There are as many options for sleep as there are names to choose from. And I won’t lie, I gave in. I signed up to a sleep program one night, after trawling through pages of reviews, reading up on the company and finally deciding, at stupid o’clock one night, that yep this sounds like us. They sound like our kind of people and I can get on board with how they do things. I paid for the right age package for my guy (how you train a child apparently is determined by their age – who knew?) and within about three days I had discarded it again. Forty euro down the drain.
I am not a strict person. I know this about myself. I can’t stop myself eating that extra biscuit, why did I think I could stick to a plan that involves hearing my son crying in his room while I stand outside? Instead we kept on as we had been, changing and growing gradually depending on his needs. Turns out, when he is ready to change the routine, he finds a way to let us know. I am still feeding him to sleep at night, a practice I love as being out at work all day it gives us a chance to connect. Up until recently, he would fall asleep on the boob, suck a while longer and then pop off and kind of stretch or starfish out on my lap, letting me know he was done. So, as he slept, I would place him in the cot, he would roll over, get comfy and happily sleep.
Lately, our routine is the same, but he doesn’t always fall asleep. Sometimes he stops feeding, reaches out to the cot to show me he’s ready. So I lie him down, he gets comfy and falls asleep in a matter of minutes. He knows himself when he is ready, and if he’s not he certainly has ways of letting me know.
We are doing what works for us.
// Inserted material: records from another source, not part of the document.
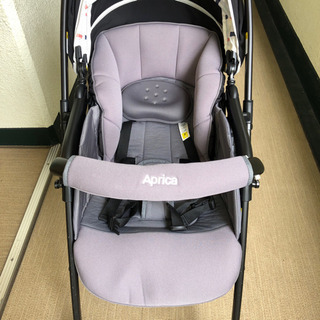 【値下げ】アップリカ 軽量ベビーカー カルーンエアー AB カラフルストライプBKの画像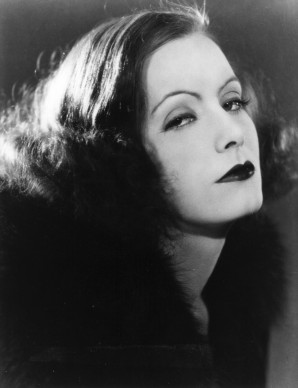 Greta Garbo (Photo by General Photographic Agency/Getty Images)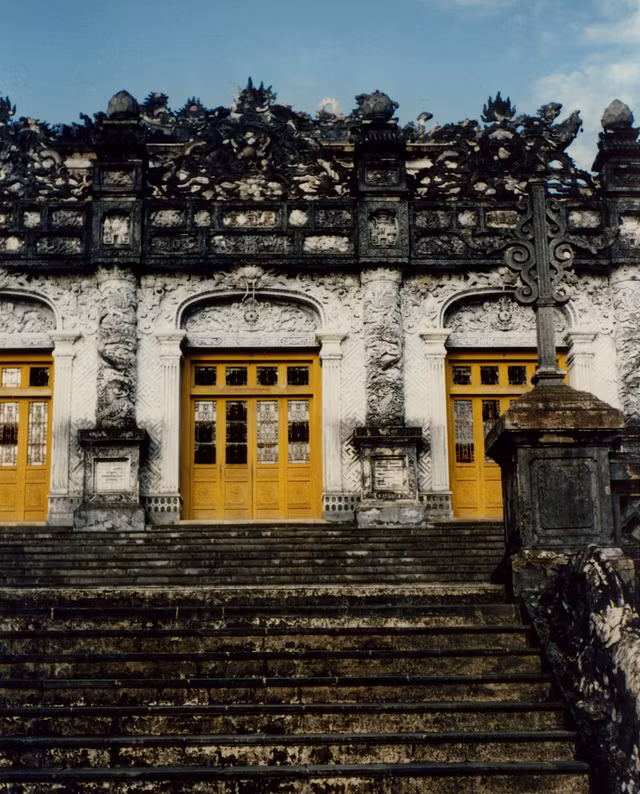 Ghé thăm các lăng tẩm ở Huế năm 1986 dưới góc ảnh phương Tây - Hình 4 Ghe tham cac lang tam o Hue nam 1986 duoi goc anh phuong Tay-Hinh-4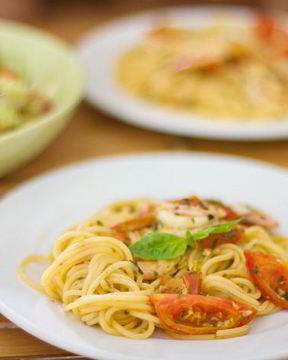 Паста с креветками и базиликом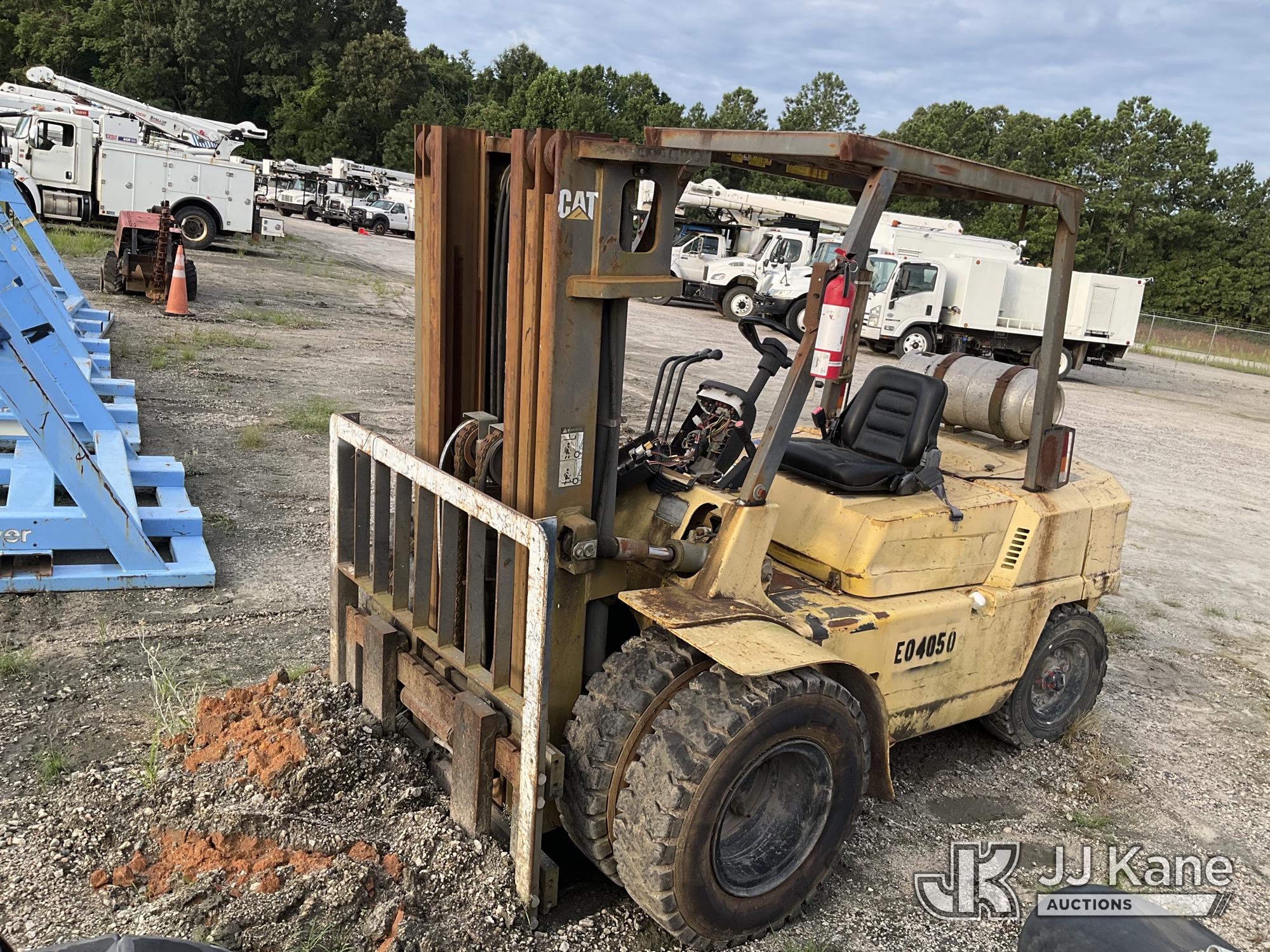 Photo of 2004 Caterpillar GLP40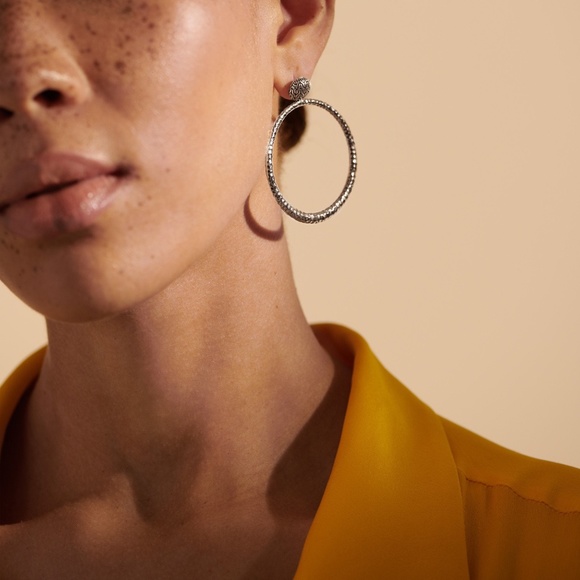 JOHN HARDY Classic Chain Hammered Round Earrings in Sterling Silver - Picture 2 of 3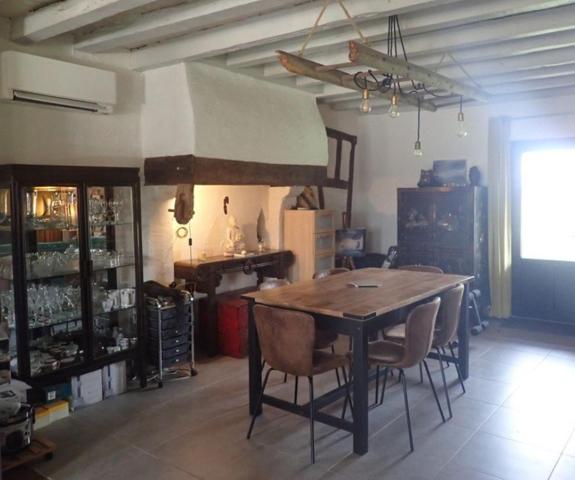 Maison en pierre rénovée - cadre verdoyant, à proximité immédiate des commodités.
Every kid is different, every parent is different, every night can be different. Once we accepted that and stopped trying to fit him into a box or a one size fits all routine I think we actually found our rhythm. I have tried to stop feeling the need to explain our sleep patterns to others. The feeling of guilt or that you’re a bad parent because he doesn’t fit the mould – it does go away. Once I stopped listening to the well meaning advice and stopped reading the sleep columns, and started listening to my kid, our nights definitely got easier. There are still really difficult nights, and there are still days I nap when he does. But there are also nights when he sleeps really well, and days when I feel refreshed and almost human again. Parenting is a long game, there are no quick fixes or shortcuts. And I’m in it for the long game.